From the material below, retype exactly the lines that begin at the line with "190 Ensign Drive, London" and end after the line with "Bvlgari 宝格丽手链V金搭配编织绳材质 BVLGARI宝格丽"; pictures stay out of the copy.

MATERIAL TO PROCESS:
______

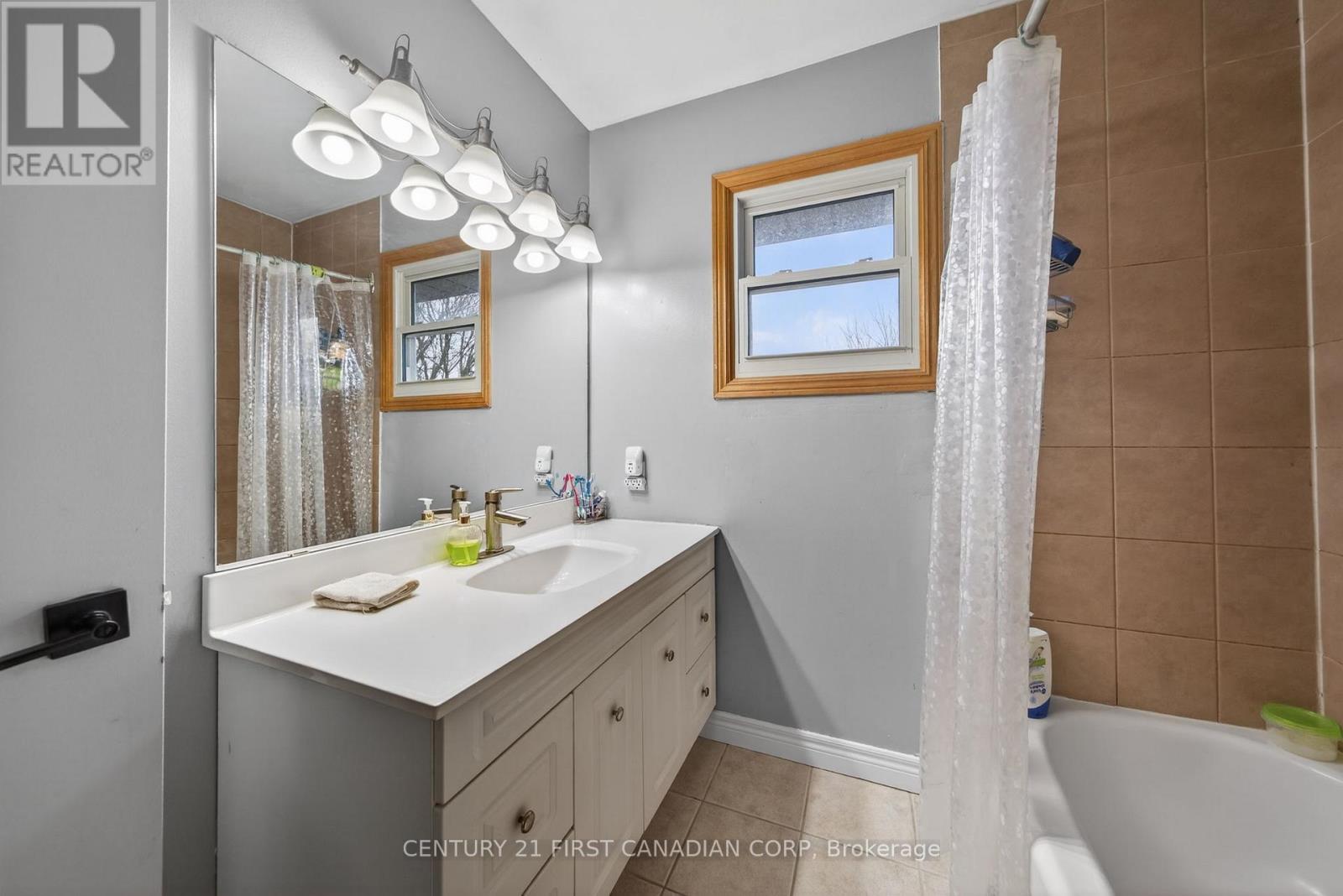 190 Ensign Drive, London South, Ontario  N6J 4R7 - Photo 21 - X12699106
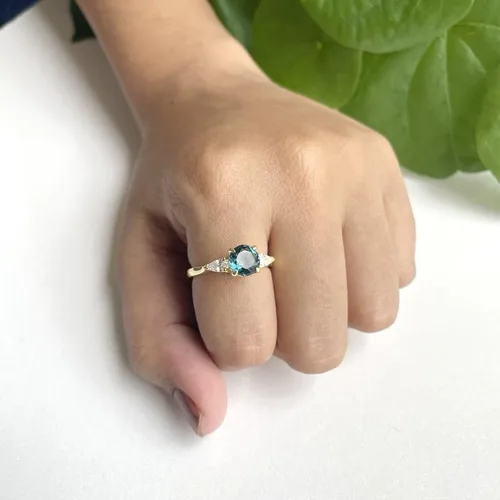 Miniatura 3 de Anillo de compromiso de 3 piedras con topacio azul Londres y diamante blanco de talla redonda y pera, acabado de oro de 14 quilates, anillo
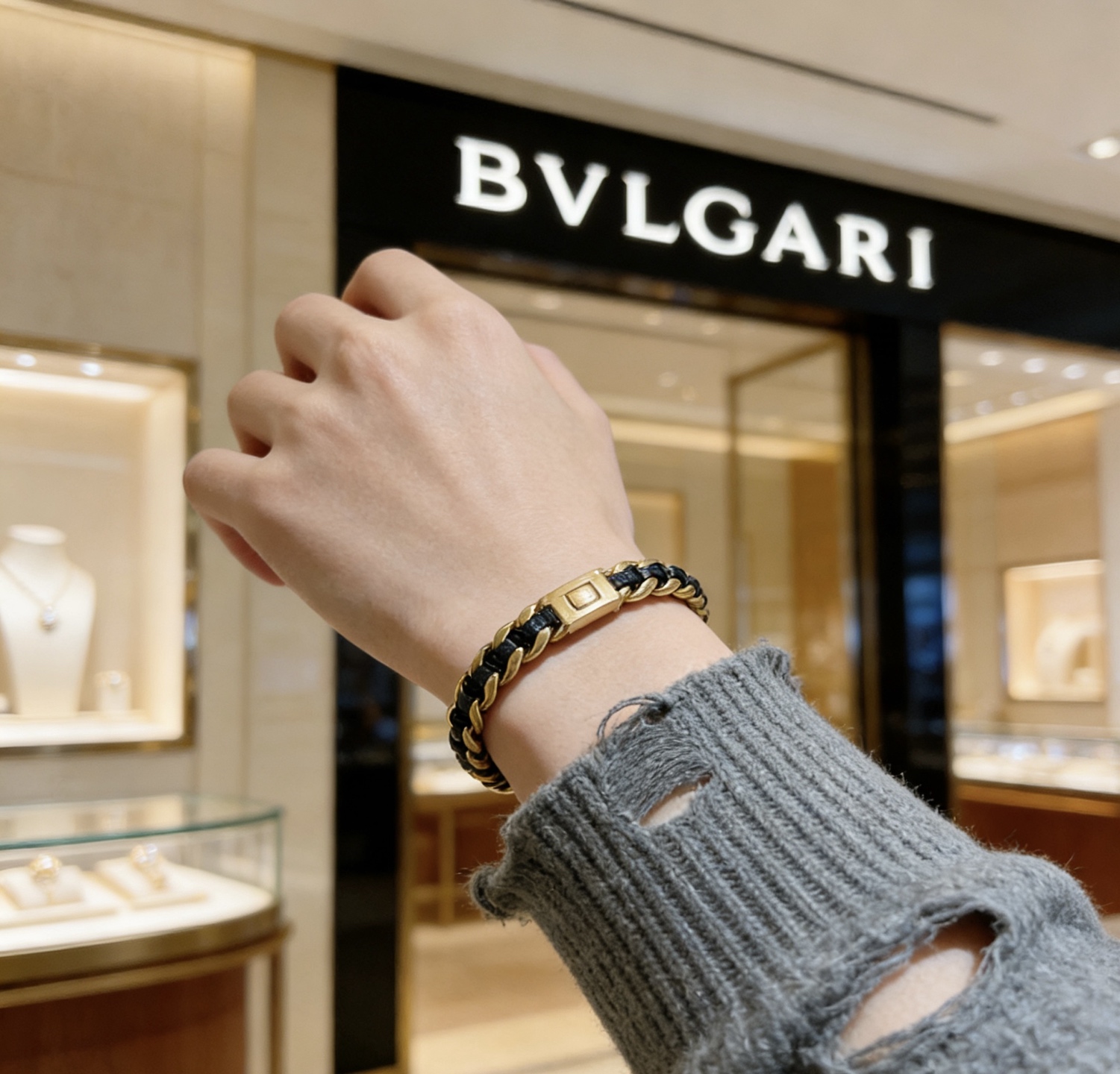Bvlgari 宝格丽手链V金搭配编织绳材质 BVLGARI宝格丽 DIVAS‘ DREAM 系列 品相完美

______

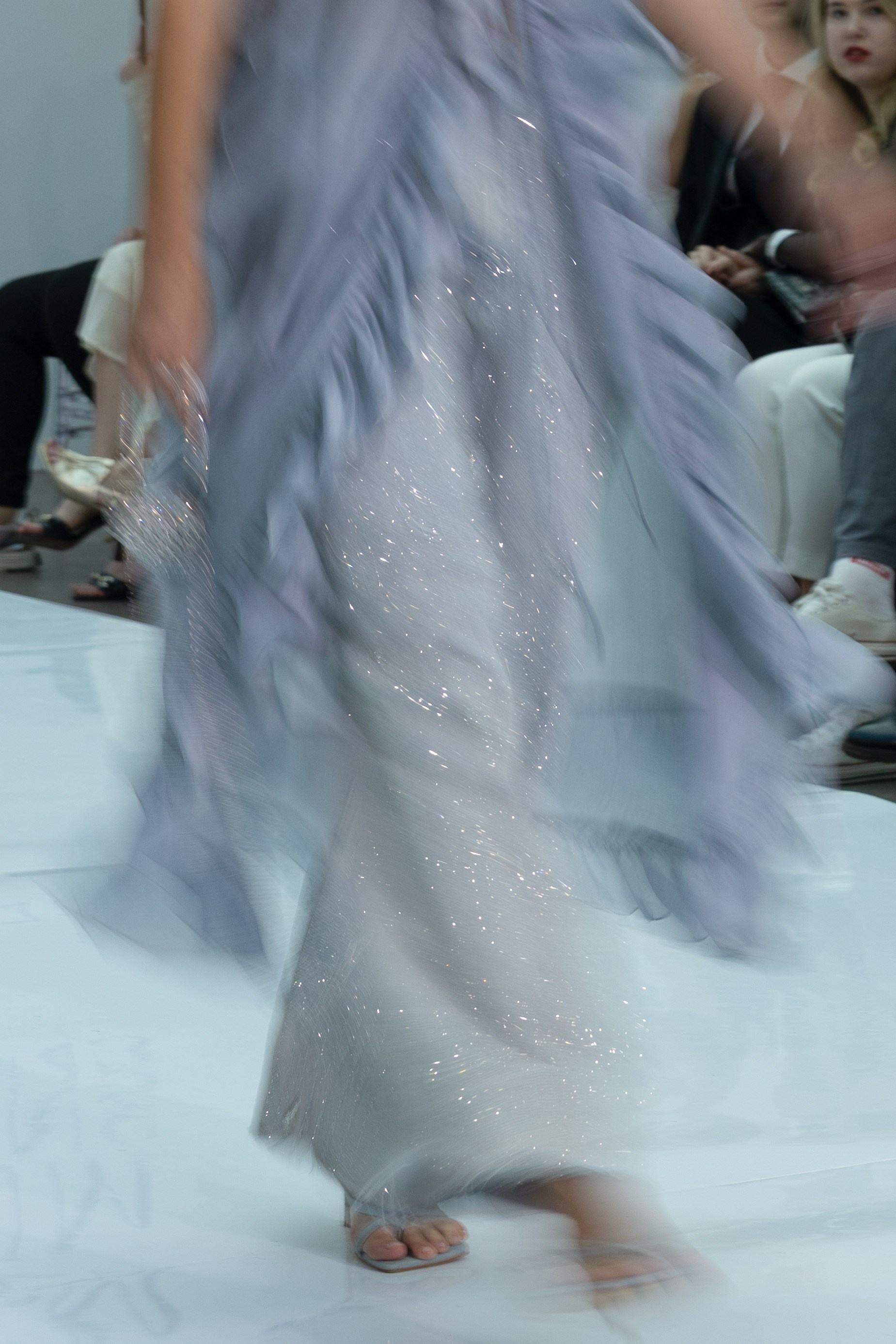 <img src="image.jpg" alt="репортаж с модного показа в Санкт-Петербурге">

______

EXERCISE RESULT:
 190 Ensign Drive, London South, Ontario  N6J 4R7 - Photo 21 - X12699106
 Miniatura 3 de Anillo de compromiso de 3 piedras con topacio azul Londres y diamante blanco de talla redonda y pera, acabado de oro de 14 quilates, anillo
Bvlgari 宝格丽手链V金搭配编织绳材质 BVLGARI宝格丽 DIVAS‘ DREAM 系列 品相完美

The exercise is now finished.